Empty Churches

OK, so, as you know I usually start out each post with a picture that relates to the topic at hand.  At the moment I’m still not really sure what I’m going to write about so this will be interesting for both you and I.

First things first, today was pretty uneventful.  So uneventful, in fact, that I’m not even going to talk about it beyond saying that I drove into a nearby town and then stopped at a few antique stores on the way back but, alas, came out empty handed.  The picture at the top of this post is of the sanctuary of a church not too far away.  Normally when I’m driving through a town or city and have time to kill I’ll stop in at churches that look interesting.  This one was very promising when I pulled into the parking lot.  It’s good sized, built of stone in a traditional style.  Therefore, I got excited as to what wonders I would behold once I got inside.  Well…  To be fair it had impressive stained glass windows, and a lovely Blessed Sacrament chapel, as well as other things conducive to prayer.  But it had something that really kind of shocked me.  The back wall was blank.

Now, many modern churches are, let’s face it, not very beautiful.  This is not how it’s supposed to be, of course, and there are growing numbers of people in the Latin Church that desire to bring back a sense of continuity both to the liturgy and to church art.  This means no more Sputnik looking buildings full of concrete slabs, bizarrely shaped altars in the center of the church, burlap banners, rainbow vestments, Extraordinary Ministers, bad mass settings, liturgical dance, giant puppets, etc.  Unfortunately, this hasn’t really taken off yet.

When you walk in the front door of the cathedral the picture at the top of this post is what you see.  There is no central focus to the sanctuary.  When you look down the aisle towards where the high altar should be you are greeted with a whitewashed wall.  Needless to say, it is distracting.  The “people’s altar” is lost in the vast white space behind it.  If they were to, say, put a high altar back there, or cover it with a (good) mural or stenciling, something that introduces color and “verticality” into the space it would be improved dramatically and the liturgy at the cathedral would be improved as well.

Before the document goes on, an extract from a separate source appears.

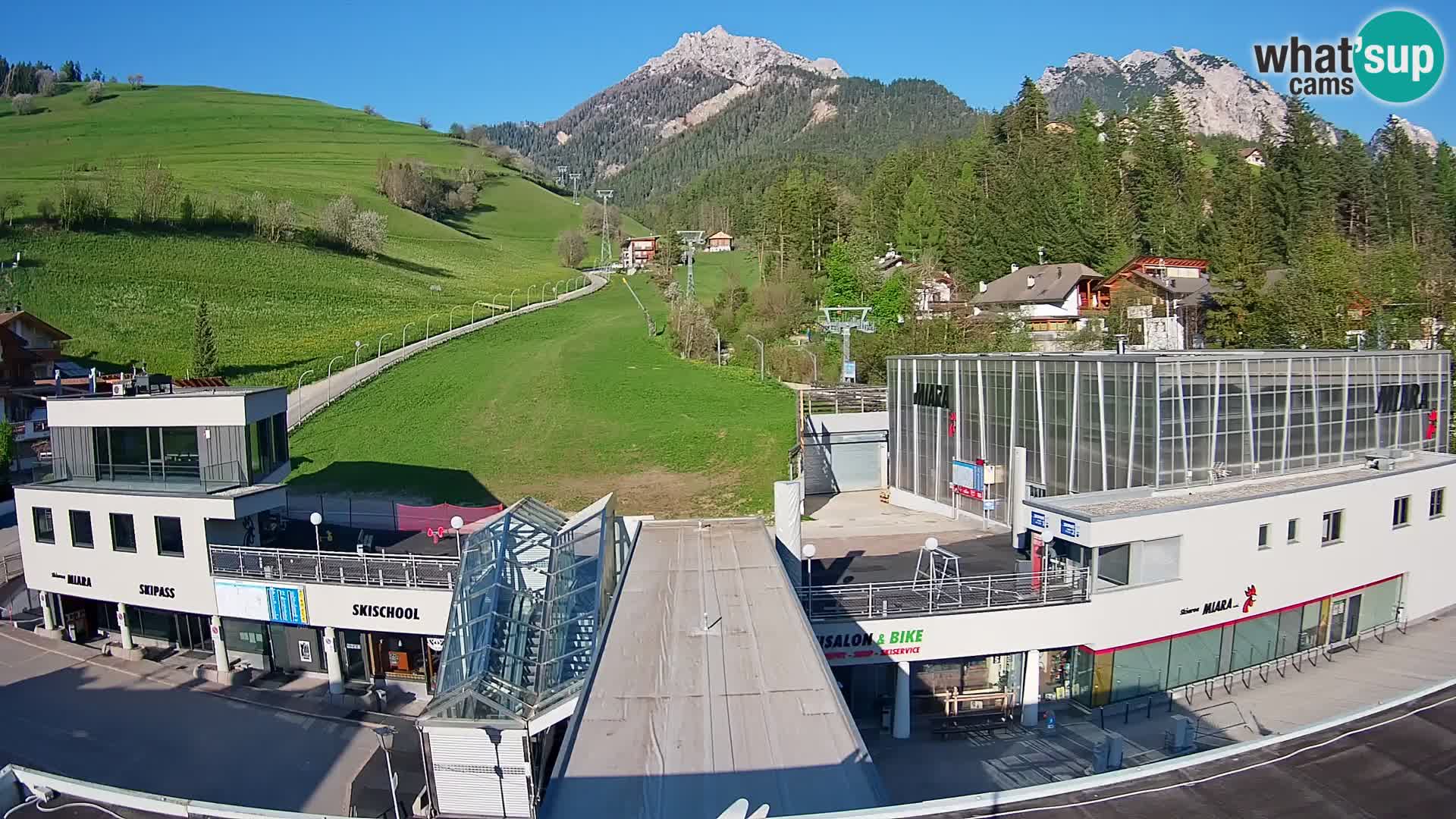 Webcam Kronplatz Miara – la station de vallée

When church becomes mundane, when you don’t feel like you are someplace different and special when you worship, then churches empty.  While some denominations try to be “relevant,” they distract.  Eventually people stop going.  Very sad.

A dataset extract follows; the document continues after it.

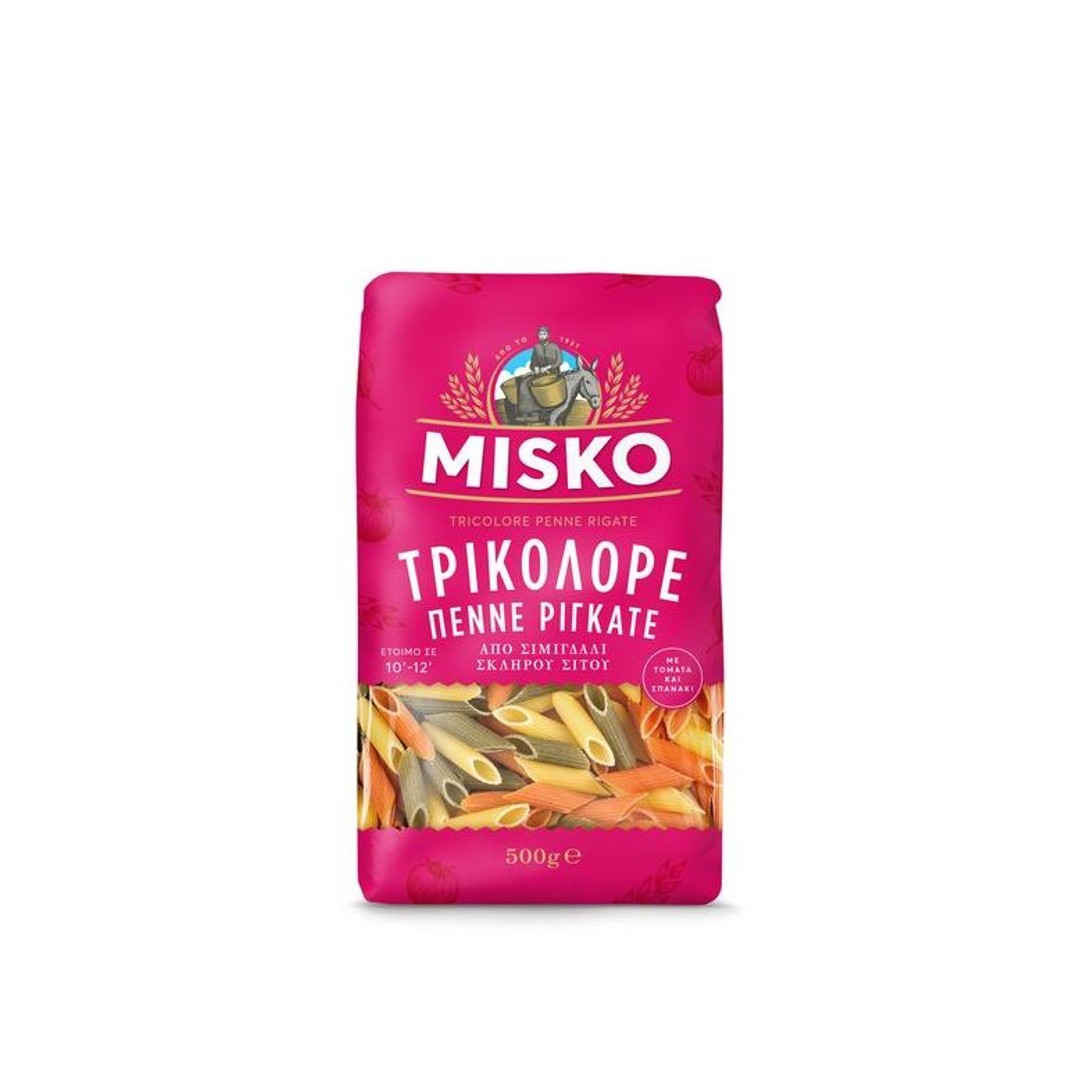 MISKO ΠΕΝΑΚΙ ΡΙΓΚΑΤΕ ΤΡΙΚΟΛΟΡΕ 500ΓΡ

One thought on “Empty Churches

  1. I’m sure that wall was once covered by the reredos of a majestic altar and/or a very fine painting. What you see there now (nothing!) is the result of the triumph of iconoclasm that occurred in the wake of Vatican II. Though the Council, of course, never mandated this kind of wholesale vandalism, the bishops and clergy in the U.S. went mad. One of the most heart-breaking acts of iconoclasm occurred in the R.C. Cathedral of Milwaukee. It is scandalous that those who were suppose to be “stewards of the mysteries” striped the churches of all their ornaments which added to the solemnity, majesty, and mystery of the Sacred Liturgy. They destroyed churches in the name of renewal. They were utterly insensitive to what came before, the disrupted centuries of continuity, and they trampled upon the memories of those faithful who made great sacrifices to adorn the House of God. Let us hope that a new generation of shepherds will restore what was lost. It will take many years to undo the damage. The past forty years will go down in history as a dark time in the Church– a time of decline, decadence, and destruction when bad taste triumphed over catholic substance and sensibility.